■ Dataset extract:
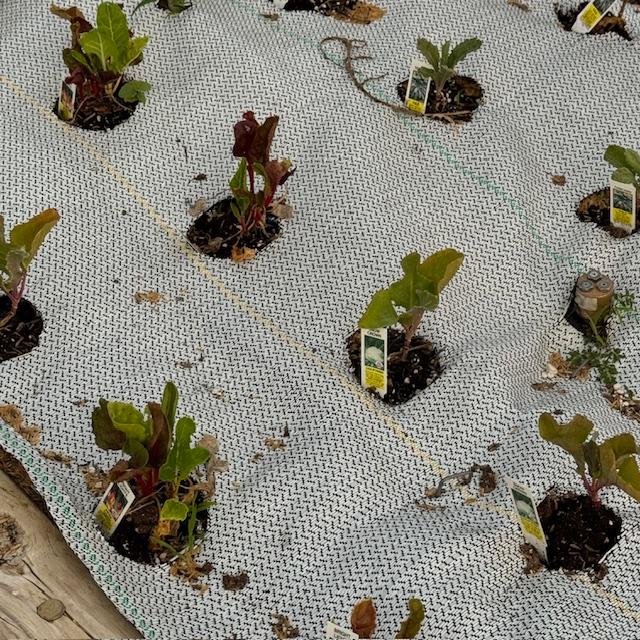 Broccoli, cauliflower, kale, and Swiss chard are all fall favorites.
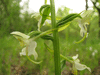 Platanthera chlorantha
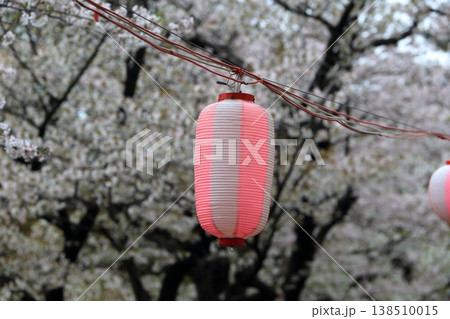 満開の桜 満開の桜 138510015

■ What you are asked to do: No image belongs in the copy. Transcribe the full listing verbatim.

■ Output for this exercise:
 Broccoli, cauliflower, kale, and Swiss chard are all fall favorites.
 Platanthera chlorantha
 満開の桜 満開の桜 138510015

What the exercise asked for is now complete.